> **Your instructions**: All the lines below need to be output exactly, apart from any images.

> **Collected material**:
════════════════════

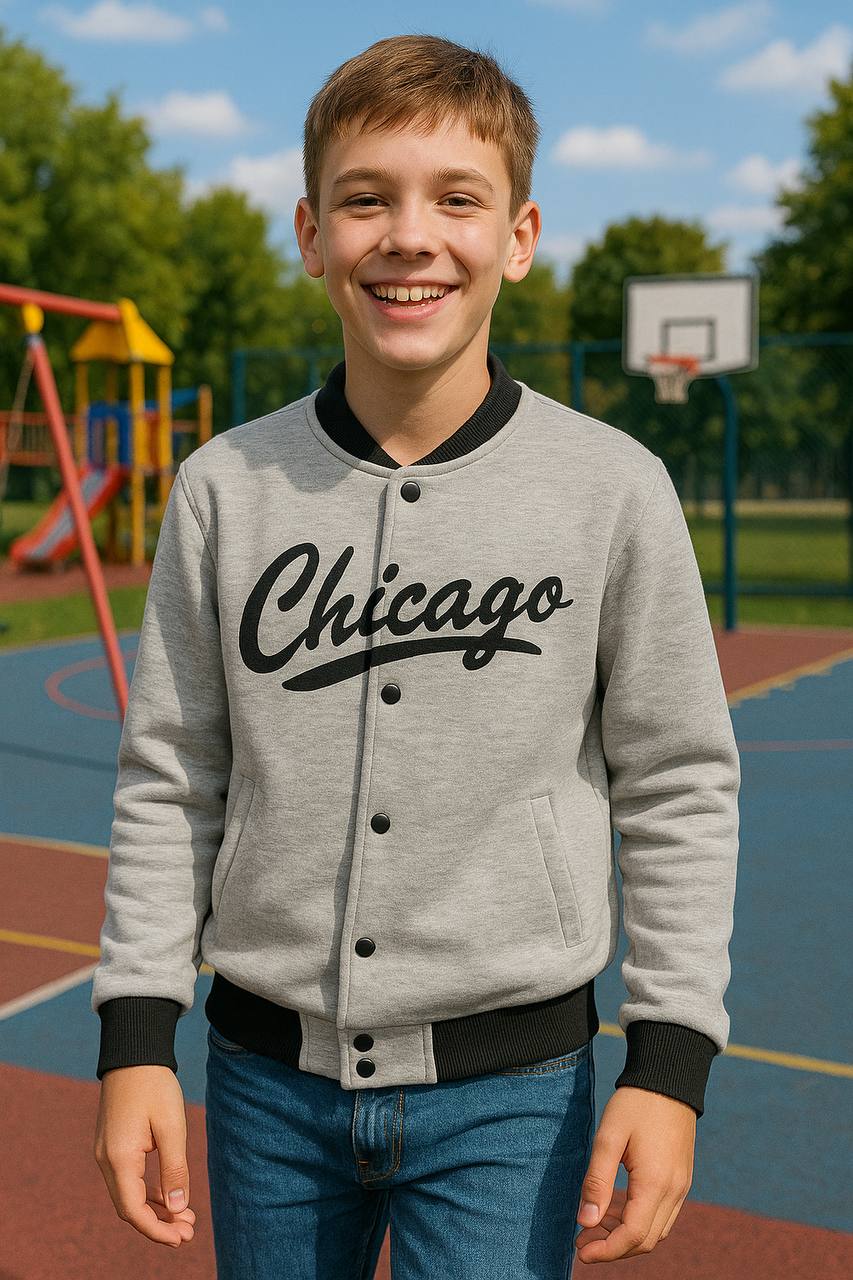 Bomberka „Chicago” – SHEIN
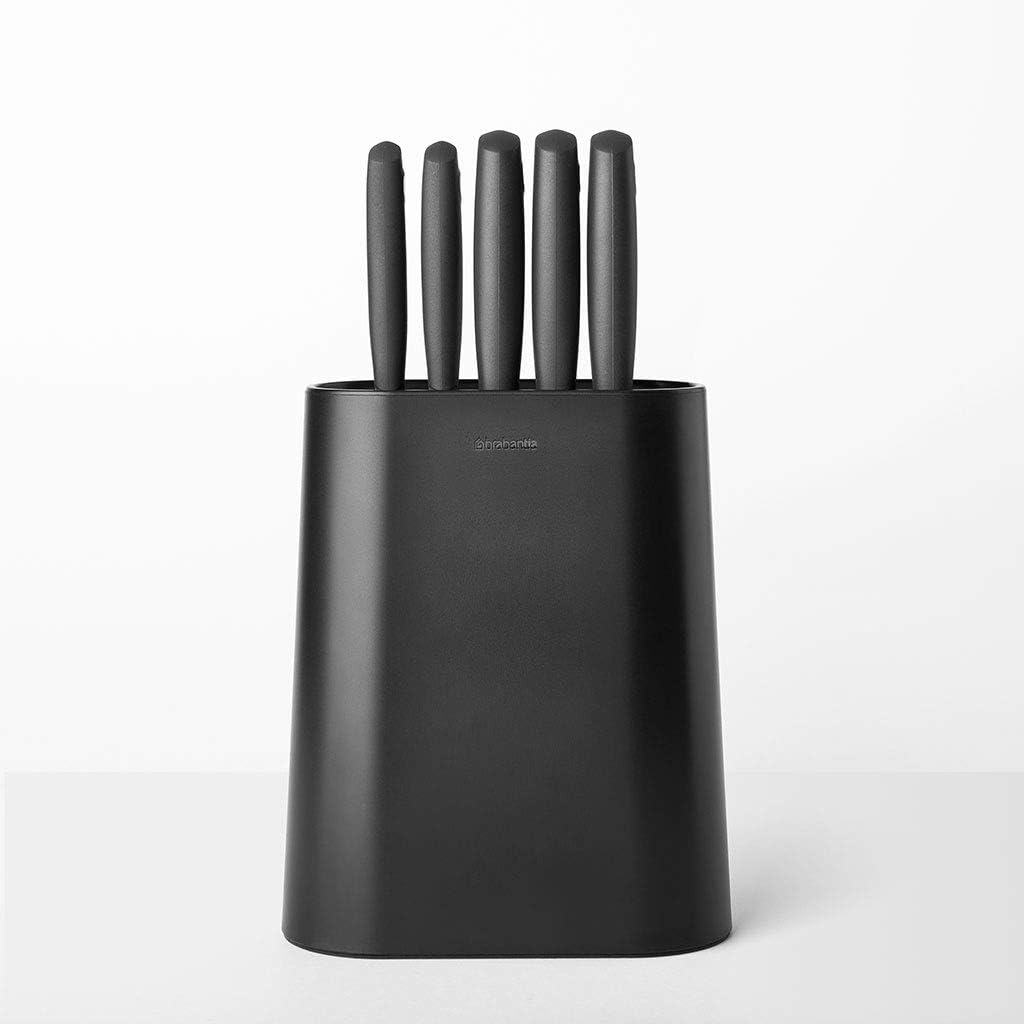 Brabantia Slice & Dice Knife Block plus Knives
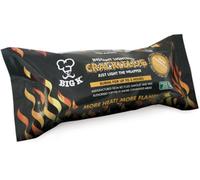 Big K Products Individually Wrapped, High Heat Instant Light Crackle Log Lgwcr-Bq-20Pk, 20 X 1Kg, 2 Hour Burn Time Crackle Log
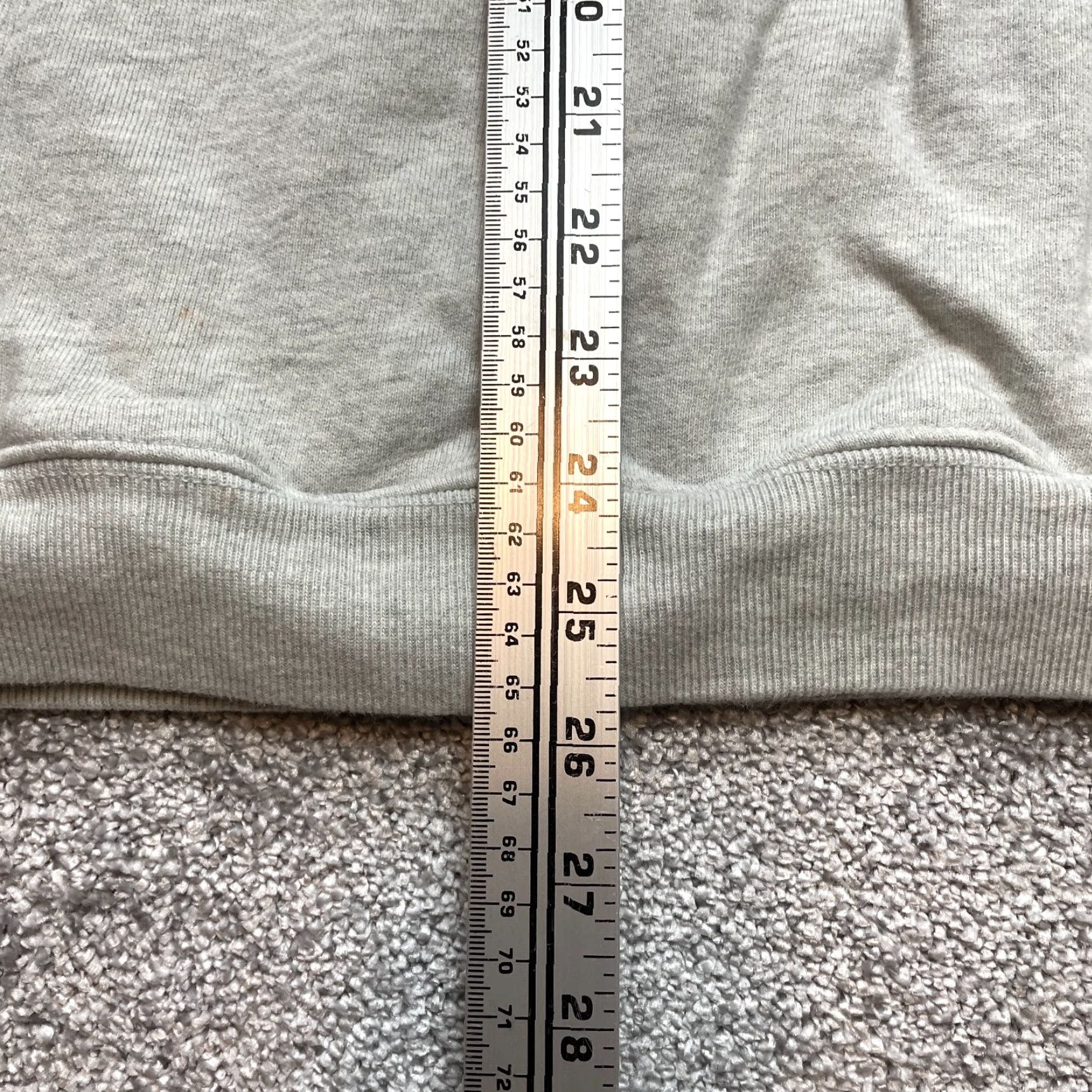 Gap Gap Hoodie Mens M Gray Pullover Sweatshirt Sweat Knit Hooded Logo Classic Pullover Size US M / EU 48-50 / 2 - 5 Thumbnail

════════════════════

> **Solved problem**:
 Bomberka „Chicago” – SHEIN
 Brabantia Slice & Dice Knife Block plus Knives
 Big K Products Individually Wrapped, High Heat Instant Light Crackle Log Lgwcr-Bq-20Pk, 20 X 1Kg, 2 Hour Burn Time Crackle Log
 Gap Gap Hoodie Mens M Gray Pullover Sweatshirt Sweat Knit Hooded Logo Classic Pullover Size US M / EU 48-50 / 2 - 5 Thumbnail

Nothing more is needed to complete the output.